Suicide Squad should’ve been a home run. A film starring a who’s who of DC Comics villains, including The Joker, Harley Quinn and Deadshot? Sounds like a blast. It should’ve wiped away the bad taste of Batman v Superman: Dawn of Justice. Instead, it only exacerbated the problems surrounding the DC Extended Universe.
Even without all the published reports of re-shoots, Suicide Squad reeks of studio interference. The tone is all over the place, thanks to an attempt at lightening things up after the dour BvS, there are plot holes galore, characters are introduced more than once. In one of the introduction sequences, each character gets a stylish, graphics-heavy bio … except for Slipknot, played by Adam Beach. Guess which member of the squad dies first?
The “fun” doesn’t end there. Whenever the squad starts fighting, especially when just showing off their skills, popular music from a few years ago kicks in, be it Eminem, Kanye West or Panic! at the disco. It’s like the film screams, “Look at these villains! They’re so cool! They’re not bad, just misunderstood!”
The worst/bad/evil character in the film is most likely Amanda Waller, head of Task Force X, aka the Suicide Squad. She’s ruthless, cold-blooded and doesn’t care who has to die to get the job done. Not even Enchantress, the film’s big bad, compares to Waller. Enchantress is supposed to look spooky when she moves, but instead seems like she’s dancing to disco music that only she can hear.
The other members of the squad don’t fare much better. With so many characters stuffed into a two hour run time, its impossible to give each of them a moment, despite the film’s best efforts. What we’re left with is a woefully unused and neutered Joker, a Harley Quinn who doesn’t have anything going on beyond being beautiful and crazy, a Deadshot who acts a lot like actor Will Smith, a Rick Flag who cares little about anything beyond his girlfriend, who in turn only wants to destroy the world because … that’s what villains do. There’s actually no real reason given for why Enchantress and her brother, who looks like some Egyptian soldier straight out of The Mummy Returns, want to destroy the world. It’s just assumed they want to so the good guys – or in this case, the not as bad guys – can save the day.

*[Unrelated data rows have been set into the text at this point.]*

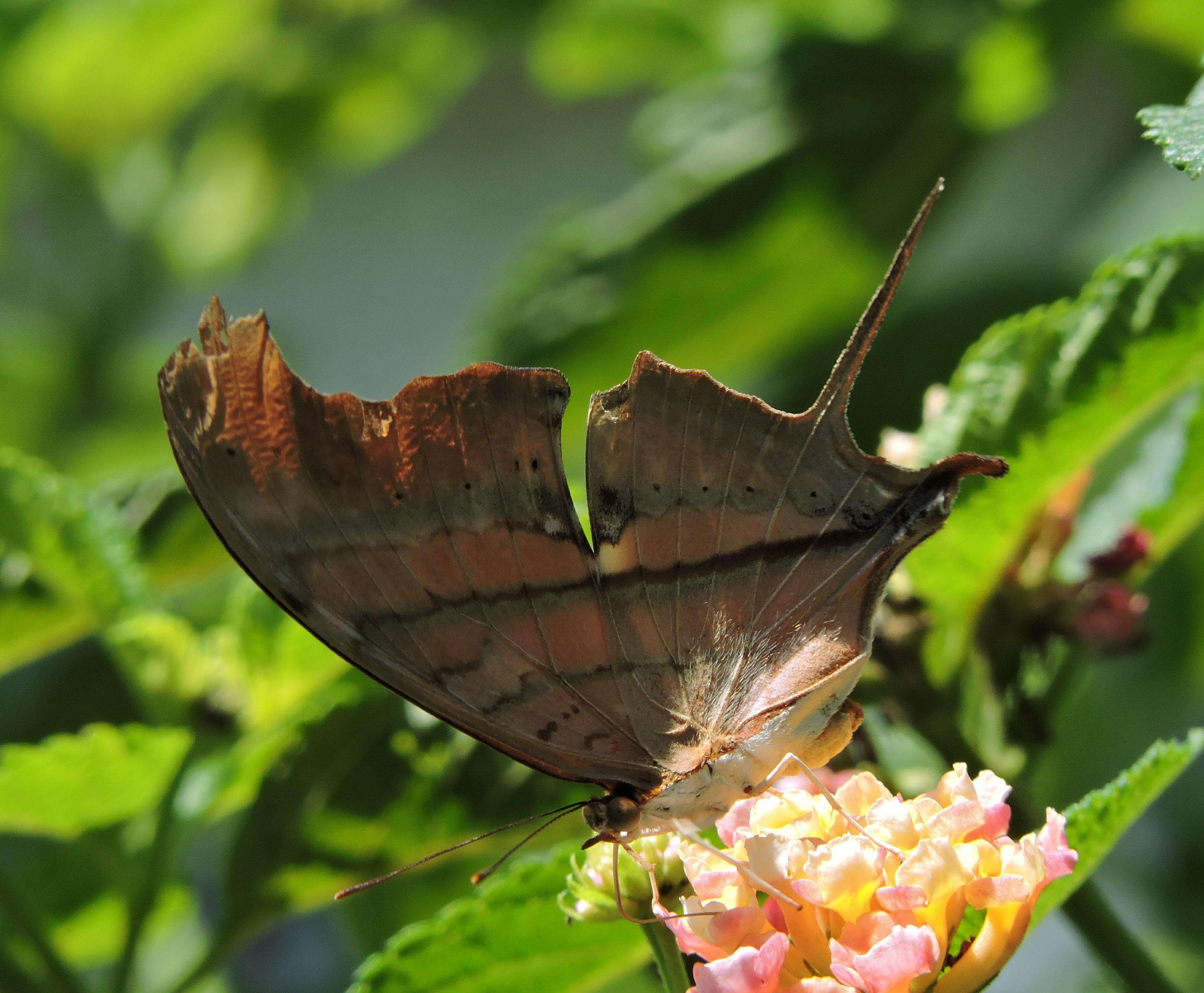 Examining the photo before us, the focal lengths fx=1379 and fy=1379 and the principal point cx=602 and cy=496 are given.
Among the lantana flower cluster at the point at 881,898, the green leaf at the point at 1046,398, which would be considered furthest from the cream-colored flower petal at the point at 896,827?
the green leaf at the point at 1046,398

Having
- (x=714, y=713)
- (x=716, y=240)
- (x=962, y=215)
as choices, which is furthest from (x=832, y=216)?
(x=714, y=713)

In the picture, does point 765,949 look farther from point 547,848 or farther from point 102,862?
point 102,862

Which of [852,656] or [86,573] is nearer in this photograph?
[852,656]

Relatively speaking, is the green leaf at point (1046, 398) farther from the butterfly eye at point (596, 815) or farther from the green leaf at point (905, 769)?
the butterfly eye at point (596, 815)

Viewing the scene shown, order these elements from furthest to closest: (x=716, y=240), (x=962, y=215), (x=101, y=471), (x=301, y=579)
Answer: (x=101, y=471) → (x=962, y=215) → (x=716, y=240) → (x=301, y=579)

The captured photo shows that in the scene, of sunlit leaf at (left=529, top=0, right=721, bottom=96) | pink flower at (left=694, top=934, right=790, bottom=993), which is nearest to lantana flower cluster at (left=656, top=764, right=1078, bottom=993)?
pink flower at (left=694, top=934, right=790, bottom=993)

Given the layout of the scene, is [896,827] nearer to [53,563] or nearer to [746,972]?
[746,972]

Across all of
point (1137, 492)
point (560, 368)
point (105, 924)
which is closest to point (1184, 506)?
point (1137, 492)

It’s clear writer/director David Ayer, who last made the World War II tank film Fury, is aiming for a modern day Dirty Dozen with Suicide Squad. Ayer’s films have a feel all their own, and more often than not explore group dynamics and masculinity, making him seem like a perfect choice to helm Suicide Squad. Maybe it was studio interference, lack of experience on a massive blockbuster or something else, but more often than not Ayer’s vision is subverted by an attempt to go mainstream.
Maybe there’s a three hour cut of Suicide Squad in the works that will flesh out all of the plot holes, much like the Ultimate Edition of BvS. Not that the world needs another DC Extended Universe film that runs 180 minutes, but it’d at least help Suicide Sqaud make some sense.